Arkenu fit seamlessly into this architecture.
It reportedly handled millions of barrels within months of operation, generating hundreds of millions in export value. Yet a significant portion of these revenues bypassed the Central Bank. Between late 2024 and early 2026, estimates suggest that over $3 billion may have been diverted through channels linked to its operations. This was not theft in the conventional sense. It was extraction — systematic, institutionalized, and shielded by layers of formal legitimacy.
The enabling conditions for this level of control were territorial, bureaucratic, and financial. In eastern and southern Libya, networks aligned with the Haftar family consolidated authority over ports, transport corridors, and key nodes of part of Libya’s oil distribution. This allowed them to operate a dual system. Officially, they oversaw fuel distribution and security. Unofficially, they taxed, redirected, and re-exported fuel flows at scale.
Maritime routes saw entire tanker shipments re-exported, sometimes via ship-to-ship transfers in international waters, obscuring origin and ownership.

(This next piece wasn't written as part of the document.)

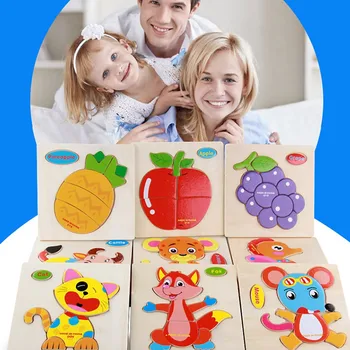 

Hot Baby Toys Wooden Puzzle Cute Cartoon Animal Intelligence Kids Educational Brain Teaser Children Tangram Shapes Jigsaw Gifts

A single vessel could carry tens of millions of liters, making maritime smuggling the backbone of large-scale diversion. On land, the system was more granular but equally effective. Checkpoints imposed informal taxes, distribution quotas were manipulated, and artificial shortages were engineered to push fuel into black markets.

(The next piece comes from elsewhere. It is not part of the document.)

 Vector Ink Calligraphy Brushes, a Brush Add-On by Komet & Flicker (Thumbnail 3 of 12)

This is where Arkenu’s role becomes clearer, not just as a participant in this system, but also a facilitator of its financial layer. By operating as a private entity with privileged access, it created a bridge between state-controlled production and private offshore revenue channels. In doing so, it helped transform a fragmented smuggling ecosystem into something closer to an integrated shadow economy.
The question then is not why this persisted, but why it took so long to confront.
That answer lies in Libya’s political equilibrium. Since 2021, governance has rested on a tacit bargain: distribute rents widely enough to prevent renewed conflict. Thus, it meant tolerating, and at times enabling, illicit revenue streams that sustained armed groups and political coalitions. Efforts to disrupt these flows risked upsetting a very fragile balance.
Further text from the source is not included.